- _Dataset excerpt_
+++++

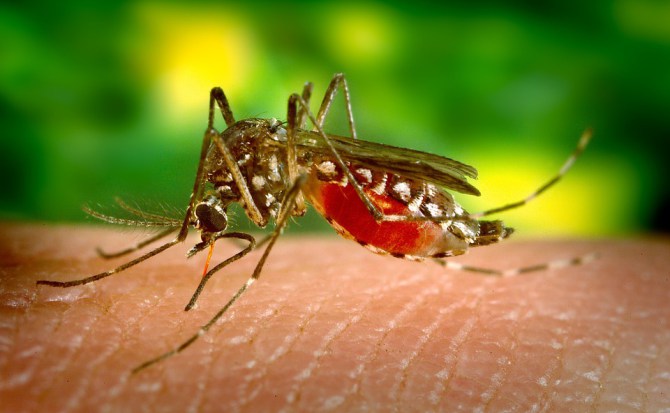 Descubren por qué el virus del Zika se volvió tan peligroso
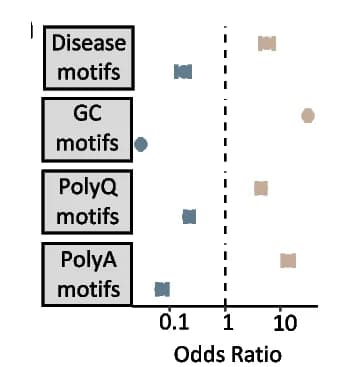 Open access visualization of Scatter Plot, Odds Ratios, Pathogenic TRs, Benign TRs, Repeat Expansion Disease Motifs
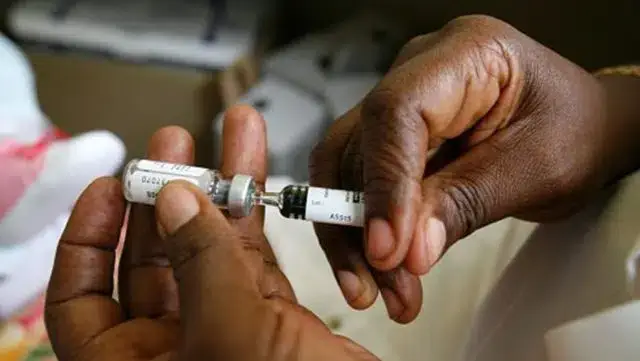OMS vai apoiar seis países africanos com tecnologia de produção de vacinas mRNA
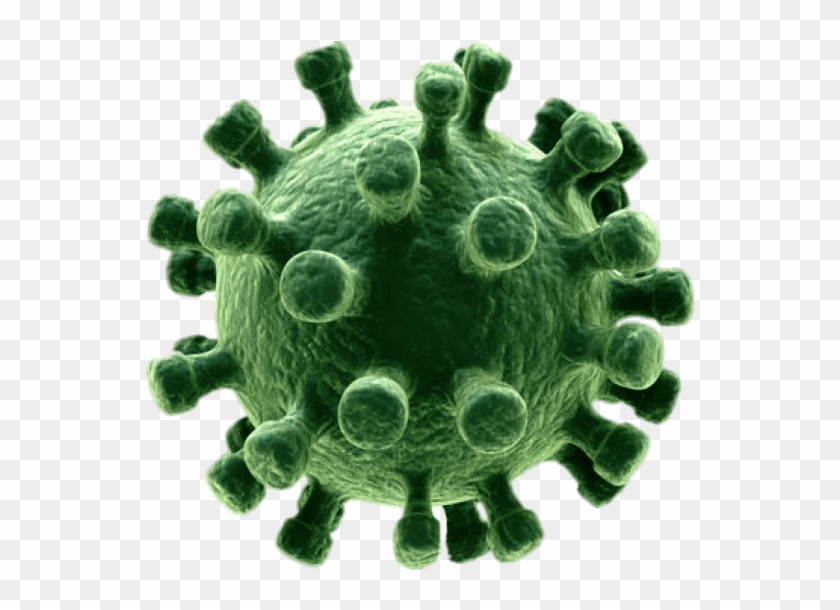 Download - Virus Png, Transparent Png - 907x529(#1713863) - PngFind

+++++

- _What you have to do_
Would you output the full listing exactly as it stands, minus the images?

- _Solved exercise_
 Descubren por qué el virus del Zika se volvió tan peligroso
 Open access visualization of Scatter Plot, Odds Ratios, Pathogenic TRs, Benign TRs, Repeat Expansion Disease Motifs
OMS vai apoiar seis países africanos com tecnologia de produção de vacinas mRNA
 Download - Virus Png, Transparent Png - 907x529(#1713863) - PngFind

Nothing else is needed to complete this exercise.